UTS-3 My Stories for You

Menjadi mentor OSKM ITB 2025 adalah salah satu pengalaman paling berharga dalam perjalanan saya sebagai mahasiswa.
Bukan hanya karena kesempatan untuk membimbing mahasiswa baru, tetapi juga karena proses ini membuat saya belajar banyak tentang komunikasi, empati, dan arti menjadi panutan yang sebenarnya.
Awal Perjalanan dan Motivasi
Saya bergabung sebagai mentor karena ingin berkontribusi secara nyata bagi lingkungan kampus.
Sejak awal, saya menyadari bahwa OSKM bukan sekadar acara penyambutan mahasiswa baru, melainkan proses pembentukan karakter dan nilai kebersamaan.
Saya ingin hadir di sana bukan sebagai “pemberi nasihat,” tetapi sebagai teman yang mau mendengarkan, memahami, dan tumbuh bersama mereka.
Motivasi ini muncul dari pengalaman pribadi.
Dulu, ketika saya menjadi peserta, ada satu mentor yang benar-benar mendengarkan saya tanpa menghakimi.
Itu mengubah cara saya memandang peran seorang pembimbing.
Sejak saat itu, saya ingin melakukan hal yang sama — menciptakan ruang aman di mana orang bisa didengar dan merasa diterima.
Proses dan Tantangan
Menjadi mentor tidak semudah yang saya bayangkan.
Sejak tahap Sekolah Mentor, saya belajar bagaimana berkomunikasi dengan berbagai tipe kepribadian.
Ada rekan mentor yang tegas, ada yang lembut, ada juga yang lebih spontan.
Dari situ saya memahami bahwa komunikasi yang efektif bukan tentang siapa yang paling banyak bicara, tapi siapa yang paling mampu menyesuaikan diri.
Selama OSKM berlangsung, saya memegang satu kelompok mahasiswa baru.
Awalnya mereka pendiam dan agak canggung, tapi perlahan kehangatan mulai tumbuh.
Saya belajar bahwa listening adalah kunci untuk membangun kedekatan.
Kadang mereka tidak butuh solusi, hanya butuh seseorang yang mau mendengar tanpa menginterupsi.
Saya masih ingat satu malam saat salah satu peserta tiba-tiba menghubungi saya lewat pesan pribadi.
Dia merasa tidak percaya diri karena belum terbiasa dengan lingkungan kampus.
Saya membaca pesannya berkali-kali, mencoba memahami perasaannya lewat pilihan kata dan nada tulisannya.
Saya menenangkan dia dengan bahasa yang sederhana dan jujur.
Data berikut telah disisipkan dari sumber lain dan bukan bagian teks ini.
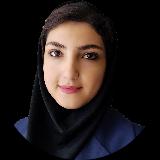 فاطمه باقری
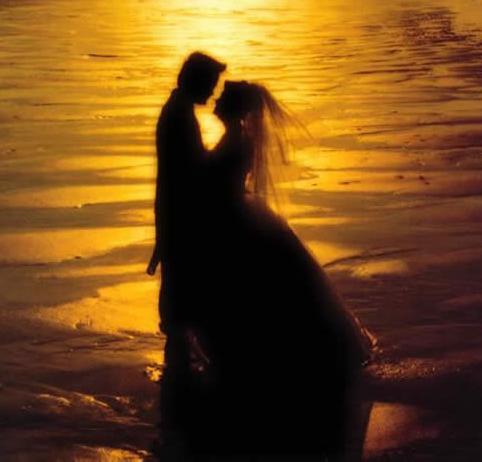 真情马克合唱团（Trademark）--唯有爱(Only Love)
Esoknya, dia menyapa saya dengan senyum lebar — tanpa perlu banyak kata, saya tahu komunikasi kami berhasil.
Pembelajaran dan Refleksi
Dari pengalaman menjadi mentor, saya menyadari bahwa komunikasi bukan sekadar menyampaikan pesan, tapi juga membangun hubungan yang bermakna.
Saya belajar bahwa bahasa tubuh, intonasi, dan tatapan mata bisa berbicara lebih jujur daripada kalimat panjang.
Saya juga belajar mengelola persepsi: memahami kapan harus tegas, dan kapan harus lembut.
Yang paling berkesan bagi saya adalah bagaimana saya ikut tumbuh bersama para peserta.
Saya yang awalnya ragu untuk memimpin kini lebih berani untuk berbicara, mendengar, dan mengarahkan tanpa harus memaksa.
Saya belajar untuk tidak hanya memahami teori komunikasi, tetapi benar-benar mempraktikkannya dalam konteks sosial yang nyata.
Menjadi mentor juga mengajarkan saya tentang empati — untuk melihat sesuatu dari sudut pandang orang lain tanpa tergesa-gesa menilai.
Ketika saya mulai benar-benar mendengarkan, saya menyadari bahwa setiap individu membawa cerita dan perjuangannya sendiri.
Penutup
Menjadi mentor OSKM bukan hanya tentang memimpin, tetapi tentang belajar memahami.
Saya belajar bahwa setiap interaksi memiliki makna, setiap percakapan adalah kesempatan untuk menumbuhkan kepercayaan, dan setiap diam pun punya arti jika kita mau mendengarkan dengan hati.
Saya merasa bangga bisa menjadi bagian dari proses ini.
Karena di balik setiap kegiatan dan percakapan kecil, ada pelajaran besar tentang tanggung jawab, komunikasi, dan kemanusiaan.
Dan bagi saya, itulah inti dari menjadi seorang mentor.